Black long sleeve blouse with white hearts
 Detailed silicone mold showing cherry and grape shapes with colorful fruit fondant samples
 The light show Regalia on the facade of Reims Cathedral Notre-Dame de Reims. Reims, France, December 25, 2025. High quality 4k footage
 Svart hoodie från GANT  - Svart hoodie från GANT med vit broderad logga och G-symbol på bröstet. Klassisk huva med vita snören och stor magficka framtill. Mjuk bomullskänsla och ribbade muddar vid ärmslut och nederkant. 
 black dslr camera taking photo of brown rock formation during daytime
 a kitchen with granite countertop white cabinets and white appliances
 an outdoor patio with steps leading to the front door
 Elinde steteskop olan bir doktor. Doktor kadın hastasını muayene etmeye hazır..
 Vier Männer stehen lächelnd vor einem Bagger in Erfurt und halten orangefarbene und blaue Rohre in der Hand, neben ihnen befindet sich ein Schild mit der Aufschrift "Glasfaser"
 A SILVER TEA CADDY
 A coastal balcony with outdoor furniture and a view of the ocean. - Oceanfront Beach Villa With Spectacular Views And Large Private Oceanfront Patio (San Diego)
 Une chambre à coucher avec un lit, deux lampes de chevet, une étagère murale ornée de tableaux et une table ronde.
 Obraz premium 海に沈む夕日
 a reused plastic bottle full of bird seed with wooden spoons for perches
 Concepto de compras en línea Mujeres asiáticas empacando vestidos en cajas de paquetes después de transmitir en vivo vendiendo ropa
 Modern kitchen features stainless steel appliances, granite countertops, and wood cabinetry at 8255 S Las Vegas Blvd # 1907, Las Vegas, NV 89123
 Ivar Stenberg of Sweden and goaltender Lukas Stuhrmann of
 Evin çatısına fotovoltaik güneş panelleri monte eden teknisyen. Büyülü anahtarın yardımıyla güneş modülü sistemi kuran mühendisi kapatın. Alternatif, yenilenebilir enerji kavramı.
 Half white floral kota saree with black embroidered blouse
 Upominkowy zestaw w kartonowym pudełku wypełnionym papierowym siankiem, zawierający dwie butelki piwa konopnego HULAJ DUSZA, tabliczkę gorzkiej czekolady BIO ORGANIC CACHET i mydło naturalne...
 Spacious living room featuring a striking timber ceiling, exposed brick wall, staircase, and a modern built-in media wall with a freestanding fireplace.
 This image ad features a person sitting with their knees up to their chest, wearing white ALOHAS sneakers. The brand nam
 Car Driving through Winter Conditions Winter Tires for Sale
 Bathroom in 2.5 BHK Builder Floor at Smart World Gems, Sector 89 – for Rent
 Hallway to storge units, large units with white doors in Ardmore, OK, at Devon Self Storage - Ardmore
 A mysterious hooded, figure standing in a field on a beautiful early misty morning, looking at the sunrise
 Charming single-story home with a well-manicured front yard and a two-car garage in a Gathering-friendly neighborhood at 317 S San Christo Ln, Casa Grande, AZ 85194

---+---

Problem description>
Where a line of the data includes the string "granite", list that line.

Written response>
 a kitchen with granite countertop white cabinets and white appliances
 Modern kitchen features stainless steel appliances, granite countertops, and wood cabinetry at 8255 S Las Vegas Blvd # 1907, Las Vegas, NV 89123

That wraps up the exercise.